W minioną środę -18.11.2009 już po raz trzeci mój klub zorganizował podsumowanie sezonu z udziałem sponsorów, władz miasta oraz patronów medialnych. O tym co tam się wydarzyło, można przeczytać na stronie portalu zary.info.
A moje podsumowanie będzie krótkie i na temat. Nie było najgorzej, ale mogło być lepiej. Większość treningów wykonałem praktycznie po zmroku, ale czasami nawet udało się wykręcić 100 km.

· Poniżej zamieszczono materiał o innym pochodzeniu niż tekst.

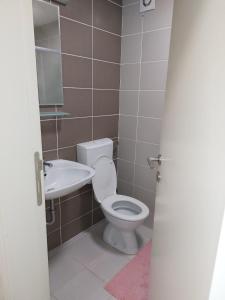 a bathroom with a toilet and a sink at Evelin Apartment in Belgrade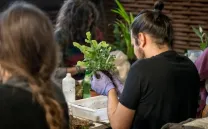 Chico cuida un esqueje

Szczyt formy na pewno miałem na przełomie czerwca/lipca, wtedy wykonywałem najdłuższe treningi ze wzmożoną intensywnością. W sumie zaliczyłem 13 wyścigów, w tym tylko jeden maraton- w Karpaczu. Jak zwykle najcięższym wyścigiem był dla mnie Żary XC 2009, gdzie bardzo chciałem wygrać. Ale nie wyszło, zająłem 2 miejsce. W tym roku zmieniłem kategorię wiekową na masters. Efektem tego było, że na wspomniane 13 startów, 7 było na pudle-2,3 miejsce. Od stycznia zaczynam treningi...A o planach na sezon 2010 niebawem.